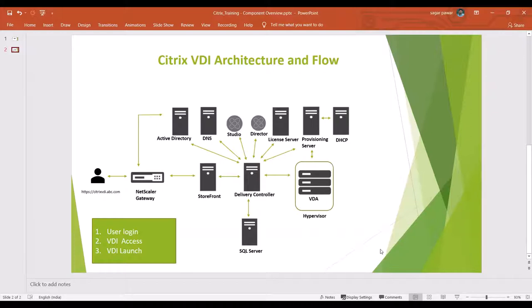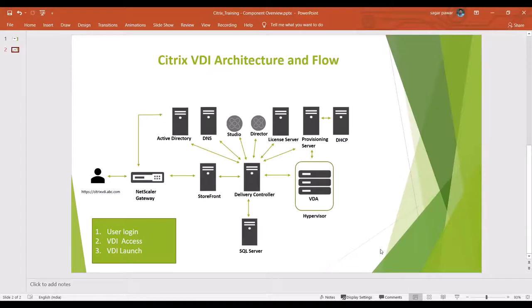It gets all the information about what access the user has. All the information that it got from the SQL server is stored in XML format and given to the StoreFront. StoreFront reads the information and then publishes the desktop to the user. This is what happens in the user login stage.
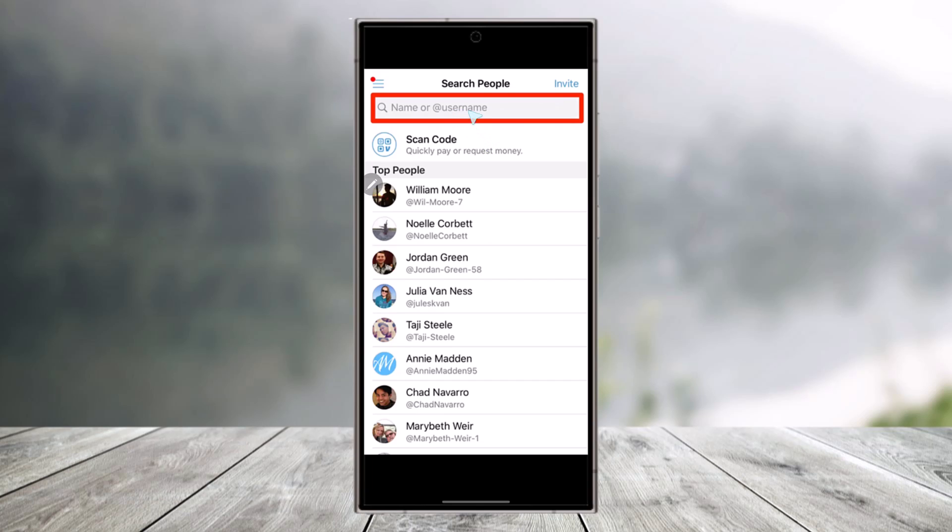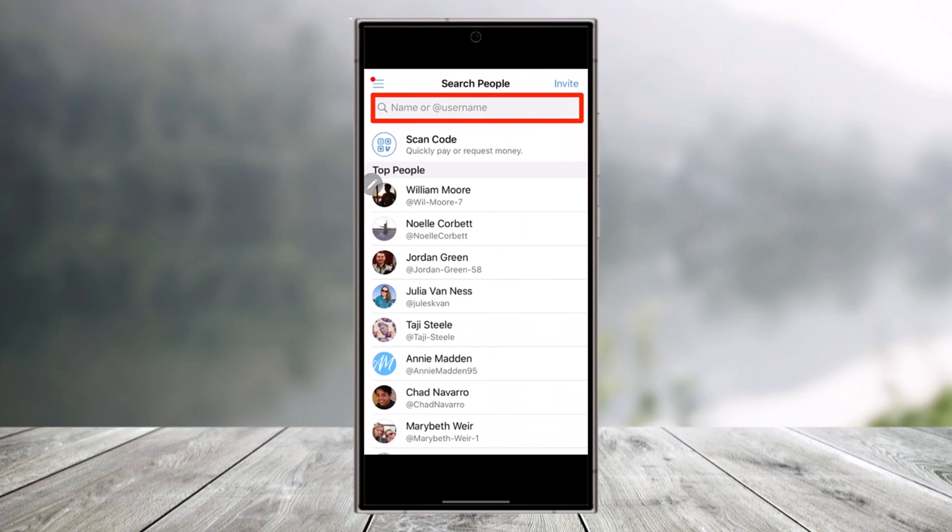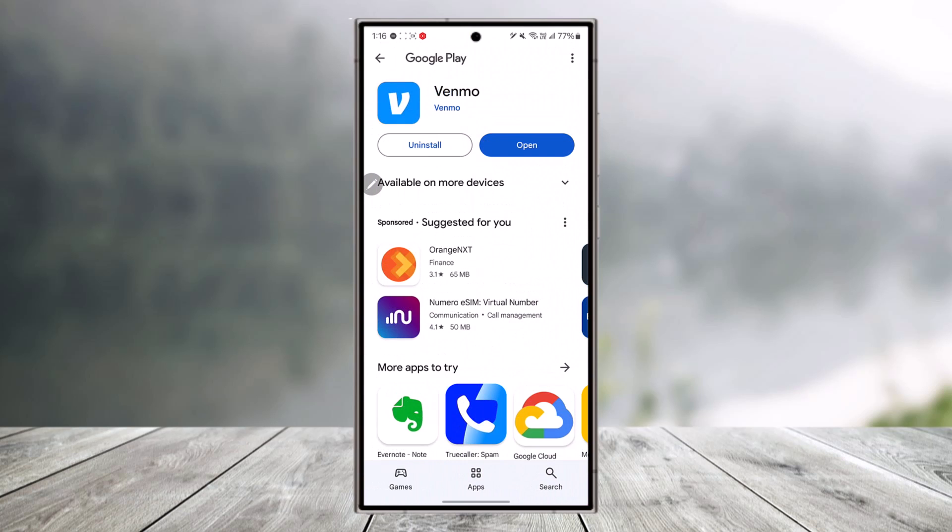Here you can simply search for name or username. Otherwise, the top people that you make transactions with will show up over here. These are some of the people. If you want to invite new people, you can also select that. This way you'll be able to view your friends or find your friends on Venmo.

=-=-=-=-=

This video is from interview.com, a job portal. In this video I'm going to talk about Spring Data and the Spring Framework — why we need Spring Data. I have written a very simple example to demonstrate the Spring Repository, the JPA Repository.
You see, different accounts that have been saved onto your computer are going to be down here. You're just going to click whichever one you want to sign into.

=-=-=-=-=

▸ PROBLEM: How many lines in the data above contain the string "have"? Reply with only the number.

▸ OUTPUT FOR THIS TASK: 2